How MLE fits parameters and MaxEnt justifies exponential-family model forms.

Introduction

In most machine learning courses, we hear a lot about maximum likelihood estimation (MLE) and much less about the maximum entropy principle (MaxEnt). MLE is the workhorse of applied modeling, while MaxEnt is often left for advanced statistics or information theory. Yet the two are deeply connected. MLE explains how to fit parameters of a chosen model, while MaxEnt explains why exponential-family models like Gaussian, Bernoulli, logistic, and softmax appear so universally in machine learning. Together, they form the foundation of modern probabilistic modeling.

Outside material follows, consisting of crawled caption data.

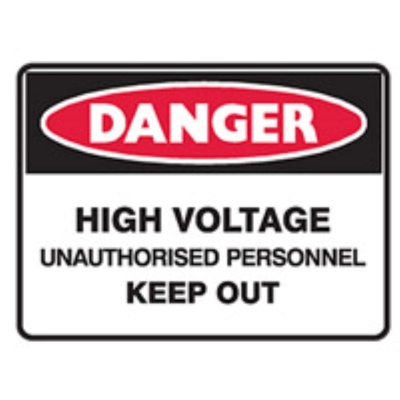 SIGN DANGER HIGH VOLTAGE UNAUTHORISED PERSONNEL KEEP OUT 600X450MM METAL 840338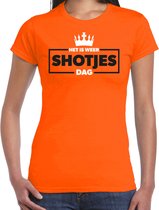 Bellatio Decorations Koningsdag verkleed T-shirt voor dames - shotjes - oranje - feestkleding M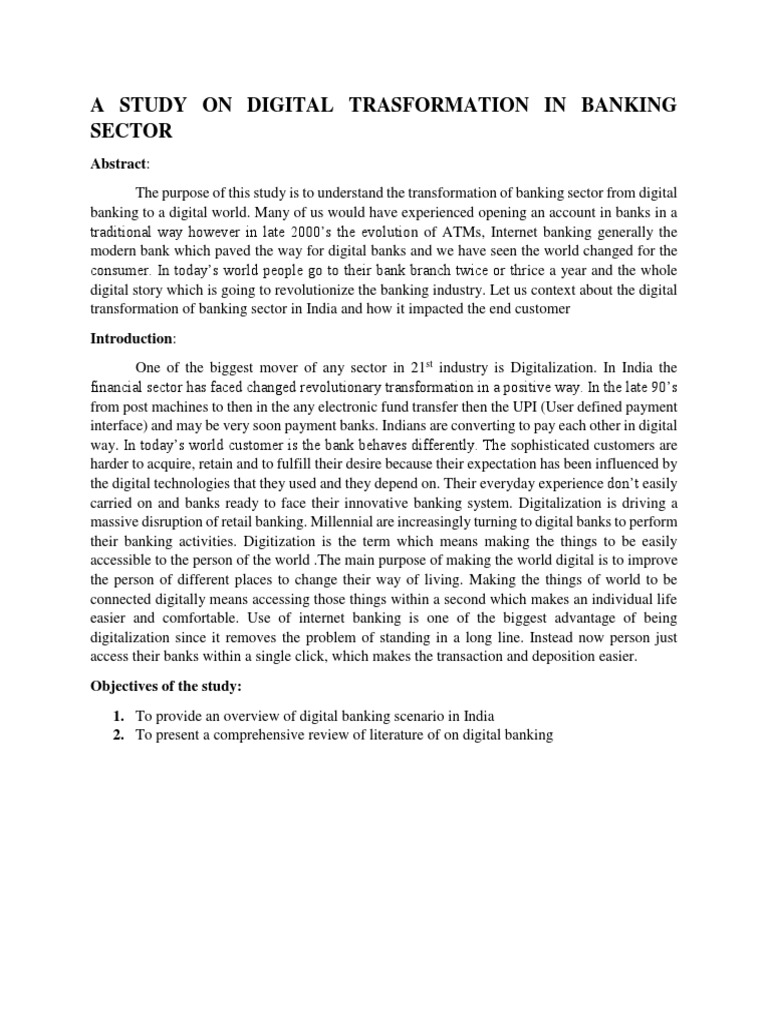 Digital Transformation in the Indian Banking Sector An Analysis of the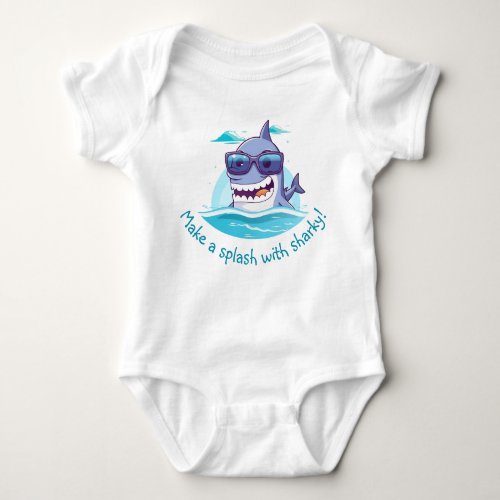 Sea Adventure  Cute Shark with Sunglasses Baby Bodysuit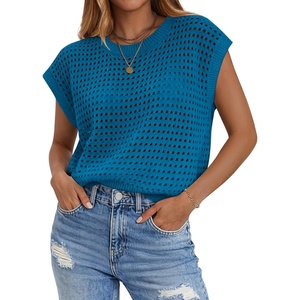 Zeagoo Womens Spring Summer Crochet Tops Cap Sleeve Sweater Vest Hollow Out Pullover Shirts Beach Vacation Clothes(Lake Blue)
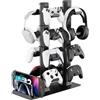 Kosker Porta Controller Gaming e Cuffie da Scrivania, Supporto Joystick a 4 Livelli con Organizer per Console Switch 2/1/PS Portal, Supporto Controllor e Cuffi con 16 Ganci, Organizer per Controller e Cuffi
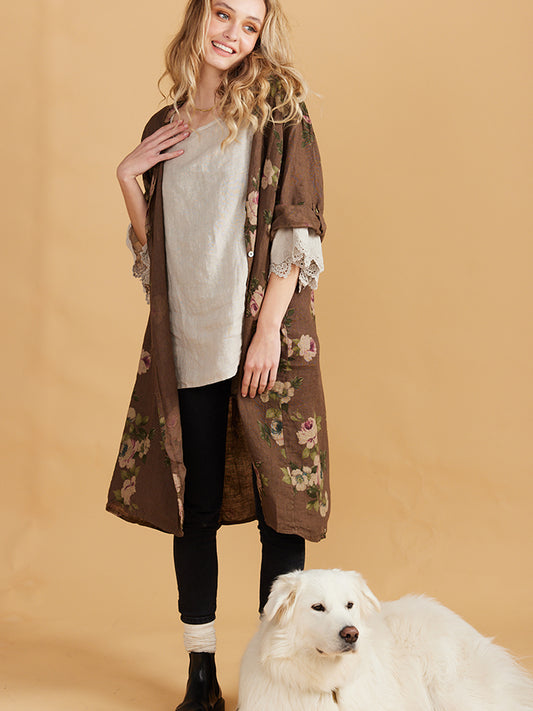 Abigail Floral Coatdress - Linen button up coat Chocolate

Maximum Likelihood Estimation (MLE)

MLE assumes we already have a family of models $p_\theta(x)$, parameterized by $\theta$. Given data $D=\{x_1,\dots,x_n\}$, the MLE picks the parameters that maximize the probability of the data:

$ \hat{\theta} = \arg\max_\theta \prod_{i=1}^n p_\theta(x_i). $
Equivalently, MLE minimizes the KL divergence from the empirical distribution $\hat p$ to the model:
$ \hat\theta = \arg\min_\theta D_{\mathrm{KL}}(\hat p \,\|\, p_\theta). $
It’s simple, computationally convenient, and universally taught.
But: MLE starts from the assumption that we already know the correct form of the distribution.


Maximum Entropy Principle (MaxEnt)

MaxEnt, introduced by Jaynes in 1957, takes a different approach. Suppose you only know partial information about a system — such as constraints on expectations (mean, variance, or feature averages). Which distribution should you pick? MaxEnt says to choose the one with the highest entropy subject to those constraints:

$ p^* = \arg\max_p H(p) \quad \text{s.t.} \quad \mathbb{E}_p[f_i(x)] = c_i. $
This ensures you are not making any assumptions beyond what is supported by the constraints.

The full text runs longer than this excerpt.